The photographic world today is very different of course, but I’m even more passionate now about this magical game; and despite the digital revolution, the aesthetics of photography are exactly the same as they’ve always been. Photography is like a language, it takes time to learn, but with greater fluency comes the possibility of self-expression, and the process then becomes cathartic.

The joy of creative photography comes from encapsulating the soul or spirit of the location or subject and communicating that captured perception to the viewer of the final print. For me, even in this digital-age, it’s still all about the final print.
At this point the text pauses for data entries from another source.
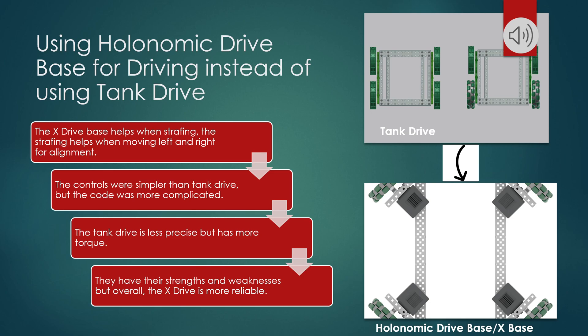Using the holonomic drive base for driving instead of tank drive: the X-drive base helps when strafing. The strafing helps when moving left and right for aligning. The controls were simpler than tank drive, but the code was more complicated. The tank drive is less precise, but has more torque. They both have their strengths and weaknesses, but overall the X-drive is more reliable.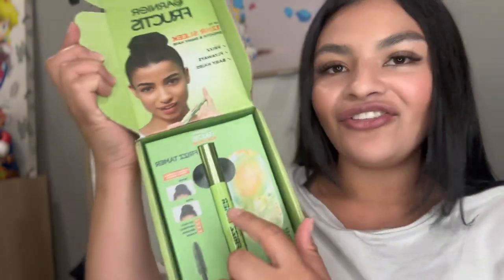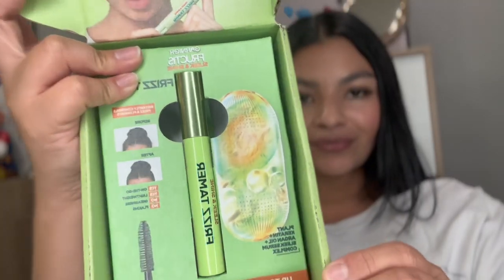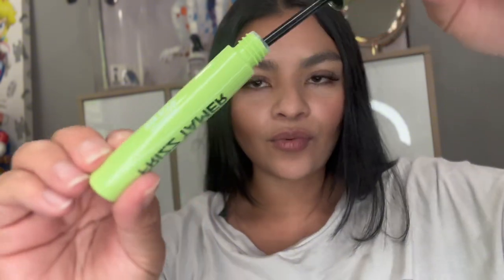I'm going to be showing you guys how to make the perfect yoga bun with Garnier Fructis Frizz Tamer. What I love about it is that you can dump it in your yoga bag and have it on the go. It looks kind of like a mascara wand and it comes in a tube like this. We're going to be slicking our hair back with it.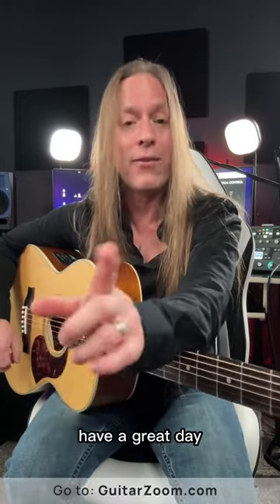So take care, stay positive, keep practicing, and check out my premium courses at GuitarZoom.com. Have a great day.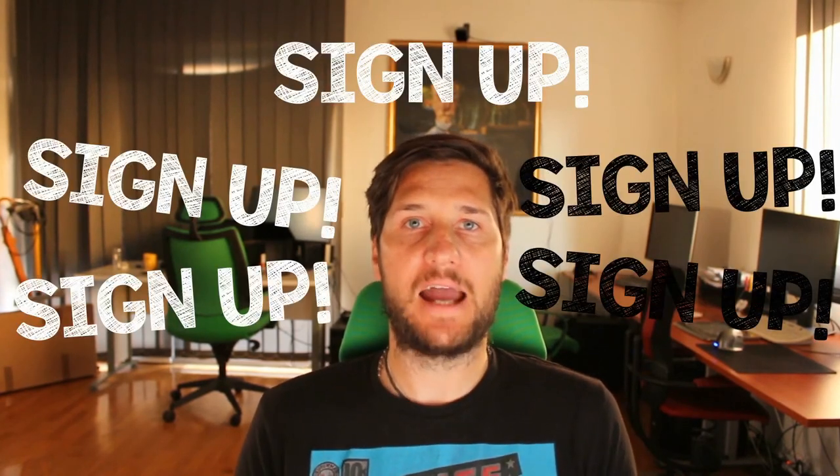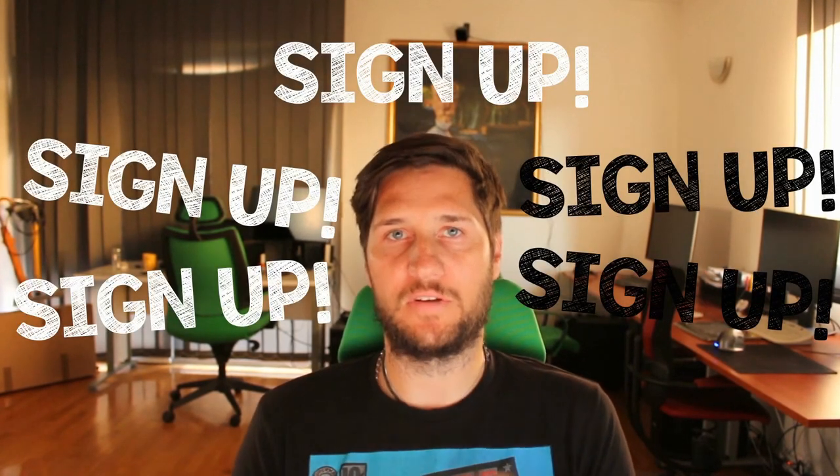So I'm looking forward to taking on this journey with all of you. Please sign up and I'll see you on the first class.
Over the last decade I’ve had some lucky successes in various competitions, which lead to some invitations to exhibit and eventually curating and exhibiting alongside some landscape greats in several exhibitions under the ‘Masters of Vision’ moniker. I’ve also enjoyed the incredible privilege of contributing to the judging panels on ‘Landscape Photographer of the Year’ and ‘Outdoor Photographer of the Year’ competitions.

'HETTY PIT 1985'
Great Western Mine Winding House, Hopkinstown, Glamorgan, South Wales
Canon A1, Canon FD 50mm f/1.8, Ilford FP4, Exposure details not recorded.